The Changs were charged after a joint investigation by the Department of Attorney General and the Department of Treasury into whether the restaurant was using point of sale sales suppression software, which is illegal under Michigan law. During the investigation, it was determined that sales in Sushi Samurai’s records were significantly higher than those reported to the state. The investigation further determined that the restaurant used “zapper” software to delete thousands of sales from its point of sale records. The investigation revealed that the Changs were found to have embezzled over $170,000 in sales receipts, and they failed to report over $2.5 million in sales on income tax returns between 2012 and 2016. The Changs used this money for payment of business and personal expenses.

We previously wrote about the Justice Department’s efforts to crack down on the use of tax suppression software by charging a software salesman in Seattle who worked for a Canadian company that sold “point of sale” program that enabled restaurants to underreport their sales. Historically, state law enforcement agencies, not the Justice Department or Internal Revenue Service, have taken the lead in cracking down on the use of revenue suppression software. In early 2016, the Attorney General of Washington filed what he called the “first-of-its-kind” criminal case against a restauranteur, Yu-Ling Wong, for allegedly using sales suppression software to avoid paying nearly $400,000 in state sales tax. That case began as a routine audit by the Washington State Department of Revenue, which trains its auditors to detect the use of revenue suppression software. Auditors noted an unusual change in cash receipts, as compared to the restaurant’s historical cash receipts, determined that the restaurant’s point-of-sale system could not be trusted, and eventually uncovered the use of Zapper software.

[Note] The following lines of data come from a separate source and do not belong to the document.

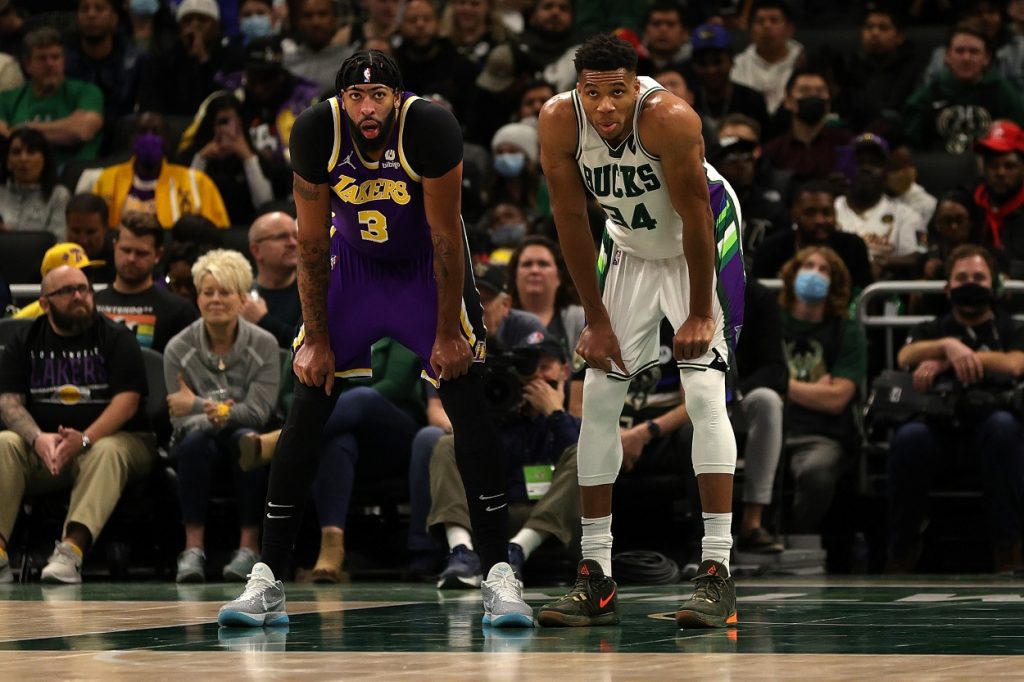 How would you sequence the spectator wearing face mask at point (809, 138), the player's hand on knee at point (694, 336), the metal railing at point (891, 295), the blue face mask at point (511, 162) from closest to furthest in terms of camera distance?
the player's hand on knee at point (694, 336), the metal railing at point (891, 295), the blue face mask at point (511, 162), the spectator wearing face mask at point (809, 138)

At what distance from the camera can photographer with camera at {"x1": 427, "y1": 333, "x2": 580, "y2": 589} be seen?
7.64 metres

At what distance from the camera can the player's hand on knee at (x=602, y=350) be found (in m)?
5.39

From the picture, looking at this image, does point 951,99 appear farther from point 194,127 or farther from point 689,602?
point 689,602

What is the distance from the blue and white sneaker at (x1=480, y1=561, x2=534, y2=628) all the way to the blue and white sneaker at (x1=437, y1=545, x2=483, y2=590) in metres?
2.03

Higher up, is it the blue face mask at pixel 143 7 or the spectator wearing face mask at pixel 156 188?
the blue face mask at pixel 143 7

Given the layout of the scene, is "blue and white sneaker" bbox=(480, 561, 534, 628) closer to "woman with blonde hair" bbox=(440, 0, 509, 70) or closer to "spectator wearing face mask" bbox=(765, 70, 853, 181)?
"spectator wearing face mask" bbox=(765, 70, 853, 181)

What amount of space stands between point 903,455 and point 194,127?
535 cm

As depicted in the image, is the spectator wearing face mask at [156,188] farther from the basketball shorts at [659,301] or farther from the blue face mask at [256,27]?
the basketball shorts at [659,301]

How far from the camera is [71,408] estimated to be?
8453mm

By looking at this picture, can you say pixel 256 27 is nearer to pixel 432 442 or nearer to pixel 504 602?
pixel 432 442

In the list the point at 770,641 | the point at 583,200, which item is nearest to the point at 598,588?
the point at 770,641

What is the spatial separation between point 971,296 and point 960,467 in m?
0.83

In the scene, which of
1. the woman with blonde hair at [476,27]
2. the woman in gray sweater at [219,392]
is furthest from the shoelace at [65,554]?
the woman with blonde hair at [476,27]

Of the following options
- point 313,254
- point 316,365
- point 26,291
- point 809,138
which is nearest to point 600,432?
point 316,365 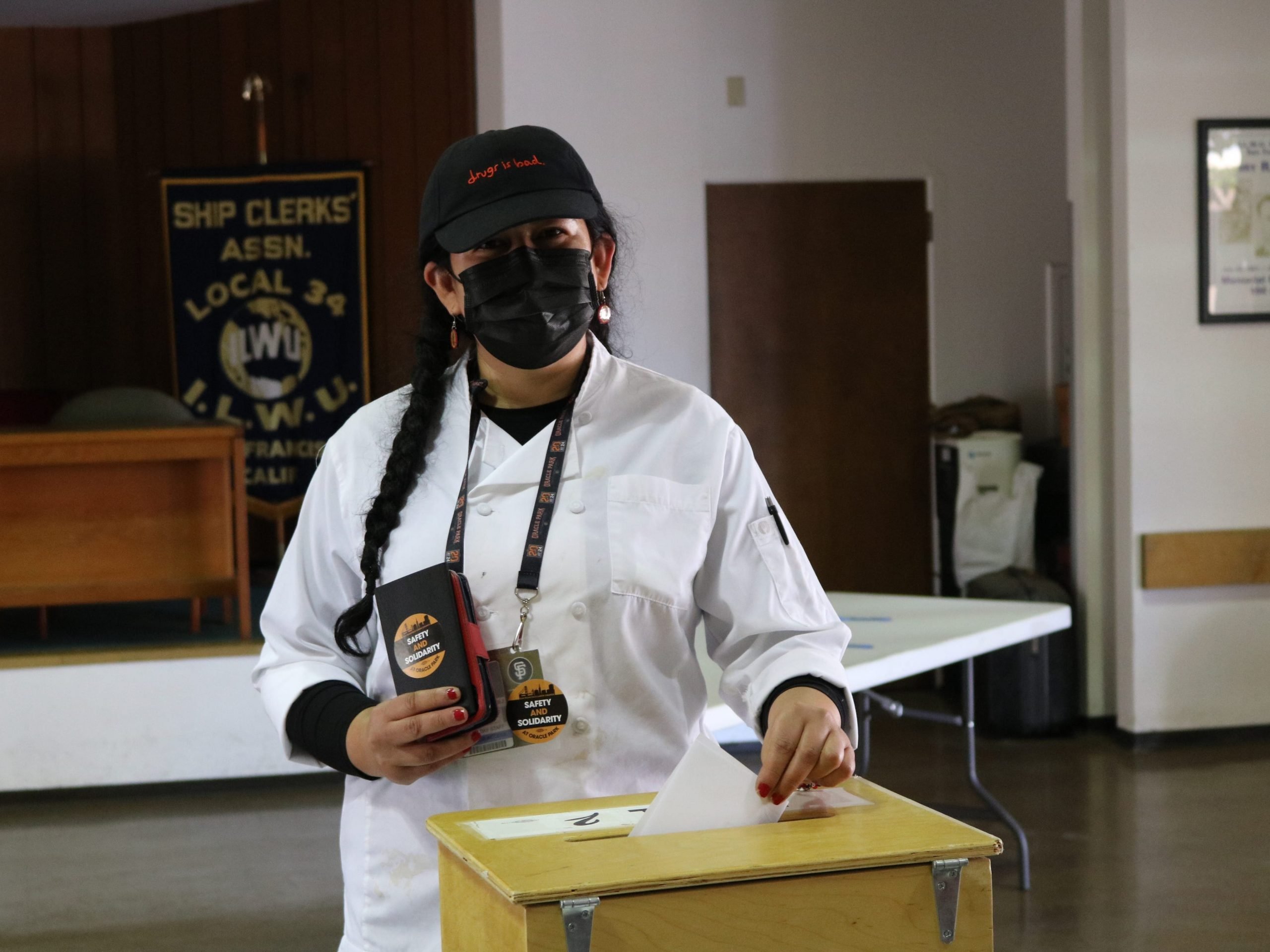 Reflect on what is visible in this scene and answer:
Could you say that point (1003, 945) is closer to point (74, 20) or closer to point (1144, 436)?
point (1144, 436)

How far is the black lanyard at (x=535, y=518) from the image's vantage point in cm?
135

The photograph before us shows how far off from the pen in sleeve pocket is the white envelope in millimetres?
336

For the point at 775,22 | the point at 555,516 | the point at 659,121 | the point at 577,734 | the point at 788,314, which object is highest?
the point at 775,22

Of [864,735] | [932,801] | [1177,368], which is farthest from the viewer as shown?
[1177,368]

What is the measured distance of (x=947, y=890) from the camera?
1.02 metres

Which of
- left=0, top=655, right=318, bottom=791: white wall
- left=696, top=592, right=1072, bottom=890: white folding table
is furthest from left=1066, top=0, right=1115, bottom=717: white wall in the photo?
left=0, top=655, right=318, bottom=791: white wall

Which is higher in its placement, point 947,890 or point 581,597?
point 581,597

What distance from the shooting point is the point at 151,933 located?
3482mm

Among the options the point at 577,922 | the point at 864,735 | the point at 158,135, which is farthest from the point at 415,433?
the point at 158,135

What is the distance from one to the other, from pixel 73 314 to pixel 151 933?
4559 mm

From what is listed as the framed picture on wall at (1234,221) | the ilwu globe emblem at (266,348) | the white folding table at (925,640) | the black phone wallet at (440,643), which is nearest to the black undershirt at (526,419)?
the black phone wallet at (440,643)

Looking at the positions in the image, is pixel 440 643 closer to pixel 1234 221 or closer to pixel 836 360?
pixel 1234 221

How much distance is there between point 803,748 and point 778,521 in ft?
0.99

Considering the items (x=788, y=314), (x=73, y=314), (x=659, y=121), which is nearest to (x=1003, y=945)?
(x=788, y=314) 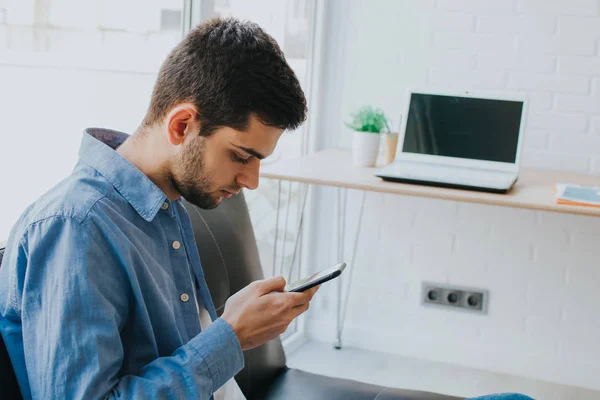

Many states have passed laws outlawing the use of revenue suppression software, including Washington, Michigan, Florida, Georgia, Utah, and West Virginia, and others are considering proposals to enact such laws. And the problem is not just confined to the United States. In a 2013 report entitled “Electronic Sales Suppression: A Threat to Tax Revenues,” the Organisation for Economic Co-operation and Development concluded that revenue suppression software “facilitate[s] tax evasion and result[s] in massive tax loss globally.”